One question that comes to mind is that is EGI expecting a new set of test-suites to run in a particular framework or will they use the results of EMI certification? Statement that the document as "OK" does not imply acceptance of re-writing/reformatting our tests for EGI.
- EGI will repeat tests if the verifier considers that is needed (major releases mostly), but does not require re-writing/reformatting
- Ideally EMIs test framework can be reused.
This follows the previous (EGEE/LCG) policy documents? If so, OK.
- Will check, but it should.
"PDPs must support the XACML interface" This is a bit general. Internally Argus uses XACML but the WHOLE XACML spec is not used.
- The verifier will determine if the coverage of the interface is enough.
- We are working on better specification of the API QC, to explicitly say which parts of the interface are expected and which not.
Storage Capabilities Quality Criteria (Patrick Fuhrmann)
Same remark as wtih 'DATA' : It might be just the phrasing but in some cases the section "Input from Technology Providers" refers to "Test to check ..." in other cases the documents reads "Test suite for ...". The technology providers (which translates to PT's in the EMI world I guess) are not supposed to provide test suites. Testing is done within the framework of the PT and is reported in order to get the packages certified by EMI. PT's are happy to provide information on what is tested but a test suite again would be a product and as such would undergo the same procedures as a 'normal' product and would have to be negotiated between EGI and EMI. Just to avoid misunderstandings : Different storage software providers in EMI provide different file access mechanisms at different times within EMI-2 and later. (Especially FILETRANS_API_3). Consequently, testing a capability must not be applied before the software provider adds this capability to the release notes as being available for production usage.

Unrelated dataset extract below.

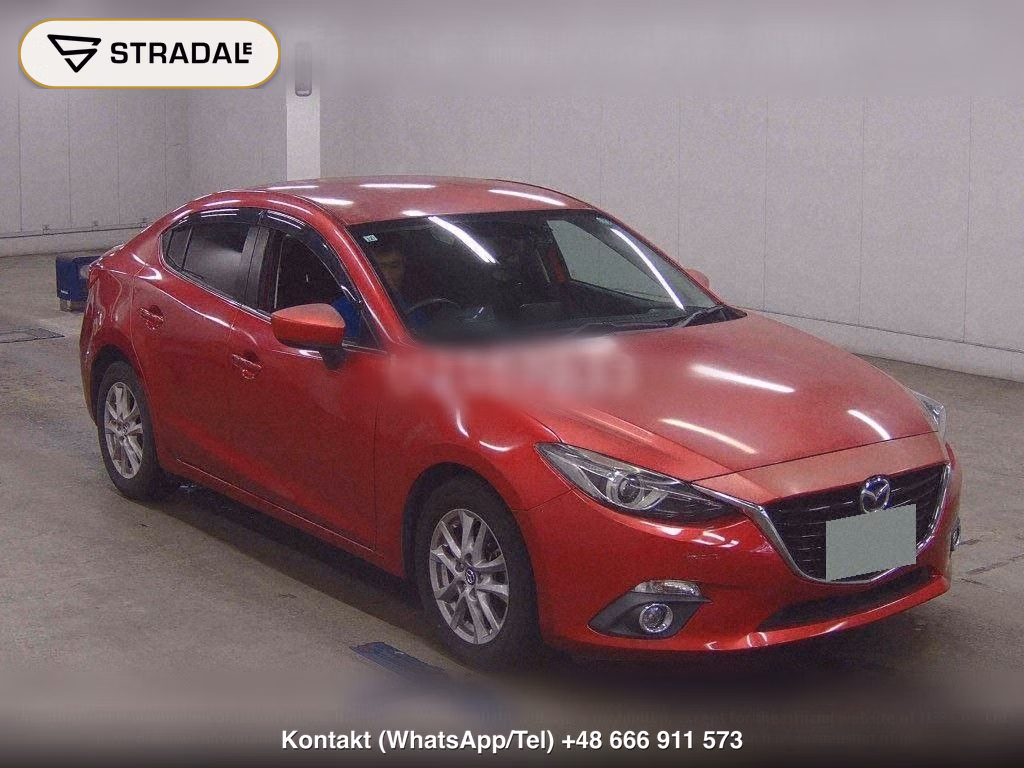 MAZDA AXELA HYBRID HYBRID -S, miniaturka 2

- Same comment as earlier, test suite no longer required. Complete API not required.
- Applicability for FILETRANS_API_3 is only to those implementations providing WebDAV, if the SE does not have such feature, it will not be tested.

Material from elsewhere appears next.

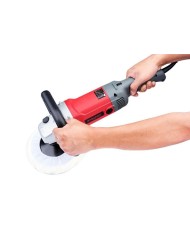 Leštička Worcraft CP12-180, 180 mm, na auto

2 File Access (a remark on POSIX)
Typo : The ID : FILEACC_API_1 is used twice.
Here as well it is important to only check capabilities which are described as available. So some storage elements may not allow modification of existing data (as it is on tape already). Same is true for 'append' as described in the "Input of the Technology Providers" of FILEACC_API_2 (which is actually the second occurrance of FILEACC_API_1) FILETRANS_API_2 : Although we expect FTS to support http(s) at some point, this is not yet agreed and must only be tested if officially declared 'available for production usage'. FILETRANS_API_3 : same as FILETRANS_API_2.
- We take this into account during verification.
5.1 SRM interface STORAGE_API_1
The bit with SRM is tricky. The sentence "Execute a complete test suite for the SRM v2.2 that covers all the specification" has two requirements : Test complete Test Suite: There is a group of storage providers covering CASTOR, DPM, BestMAn, StoRM and dCache which make sure the existing SRM infrastructure doesn't break. This goups agreed to use the S2 Test as a basis for this effort. So I would strongly suggest, EGI uses the official S2 Test Suite provided by that group. (Please talk to Andrea Sciaba, CERN for details) All the specification: That's a bit naive. Each SRM provider will offer a set of tests which the corresponding storage element can be tested against. I don't want to discuss this further in this wiki. Here again, EGI should contact the SRM Test Group leader (Andrea) STORAGE_API_2 "Related Information" already refers to this issue.
- see above, rephrased.
- Recommend S2 for verification
Incomplete sentence in Pass/Fail criteria : Exceptions to the specification may (What ?).
- Removed sentence
Ok if you are talking about BDII and Glue1.3/2.0
- Current infomodel/discovery uses Glue 1.3/2.0 and ldap.